PLAN-create phase 5: backing-file polish¶
Prompt¶
Before responding to questions or discussion points in this document, explore the instar codebase thoroughly. Read relevant source files, understand existing patterns (VMM structure, guest operation layout, shared crate conventions, call table ABI, format parsing, test infrastructure), and ground your answers in what the code actually does today. Do not speculate about the codebase when you could read it instead. Where a question touches on external concepts (QCOW2, VMDK, VHD/VHDX, KVM, virtio, disk image formats, qemu-img semantics), research as needed to give a confident answer. Flag any uncertainty explicitly rather than guessing.

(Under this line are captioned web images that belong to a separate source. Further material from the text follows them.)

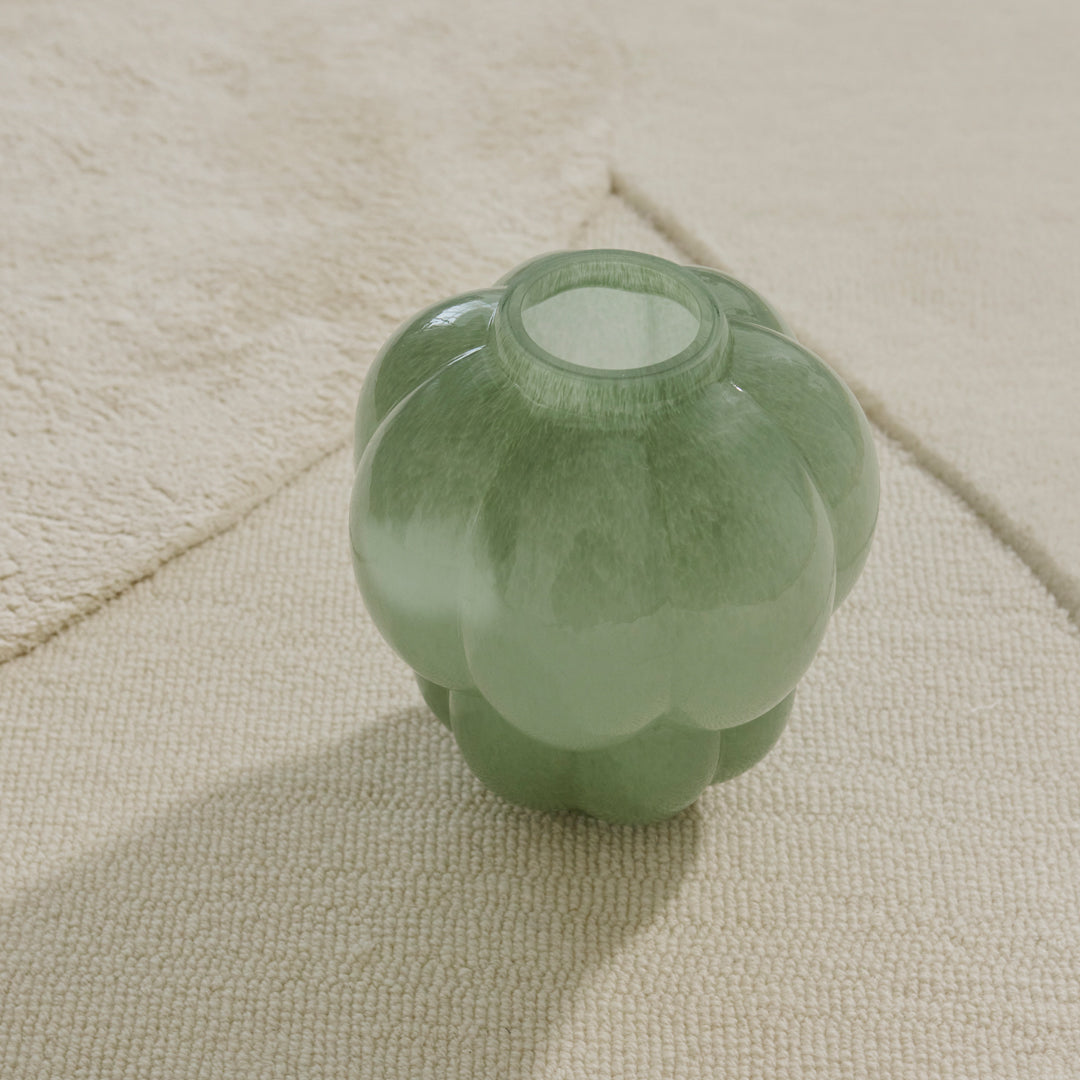 Green glass vase with a scalloped design, adding a stylish touch to any decor.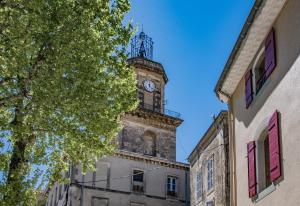 a clock tower on top of a building at Spacieux Duplex - Lumineux et Calme - Alpilles in Eyguières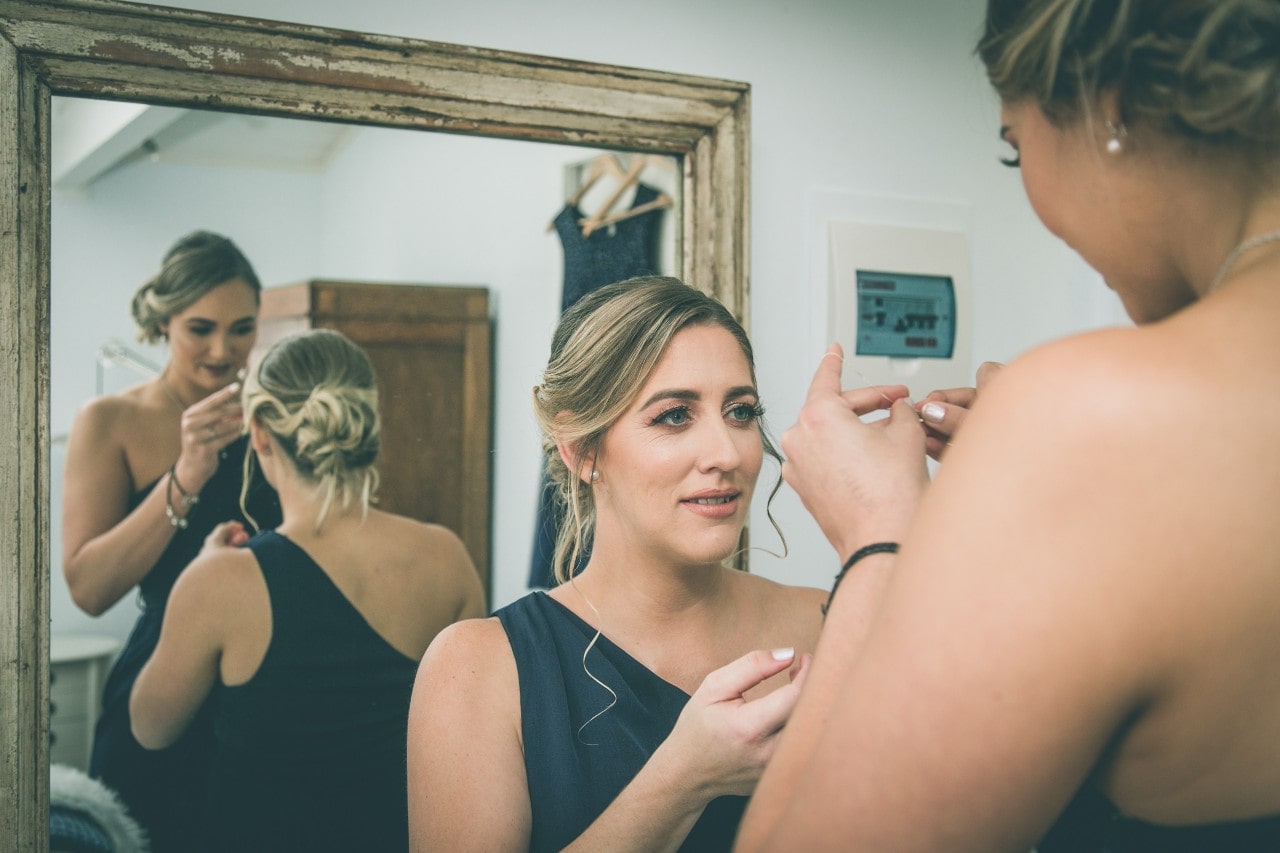 Bridesmaids putting on jewelry in front of a mirror on the wedding day.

This is a phase plan under PLAN-create.md. Phases 1–4 shipped
the metadata emitters, guest binary, host CLI subcommand, and
-o option parser. Phase 5 closes the backing-file gaps phase 3
deferred and adds the chain-related edge-case tests the master
plan asked for.
Mission¶
Most of the backing-file surface already shipped in phase 3
(clap flags -b / -F / -u, path resolution relative to the
new image's directory, attach as input device 0, embed the
user-typed path verbatim, guest-side header parsing for raw /
qcow2 / vmdk / vhd). Phase 5 closes the remaining gaps and adds
the tests:
-
VHDX-as-backing virtual_size extraction. Phase 2e's
read_backing_virtual_sizereturnsERROR_BACKING_PARSE_FAILEDfor vhdx backings because vhdx storesvirtual_sizein a metadata-region item that requires walking three regions. Wire it up via the vhdx crate'sVhdxState::init, which already does the walk. -
VMDK parentCID computation. Phase 1d's
build_vmdk_descriptor_with_backinghard-codesparentCID=deadbeefbecause it has no way to know the parent's real CID. When the target is vmdk and the backing is vmdk, the guest reads the parent's descriptor (via the vmdk crate'sread_and_parse_descriptor) and plumbs the real CID up throughQcow2/Vmdk/...CreateOptsintobuild_vmdk_descriptor_with_backing. -
Clearer backing-related errors. Today every backing failure (unknown format, parse failed, too-large) collapses to one of a few error codes with terse messages. Add a couple of new codes and improve the host-side message table so users see what specifically went wrong.
-
Integration tests for the corners the master plan called out: backing-chain non-recursion, vhdx-as-backing, vmdk-from-vmdk with real parentCID, missing-file (host path-resolution error), backing-format mismatch (auto-detect catches it), backing-file-too-large-for-target.
-
Internal docs (CHANGELOG / AGENTS / ARCHITECTURE) noting the closures.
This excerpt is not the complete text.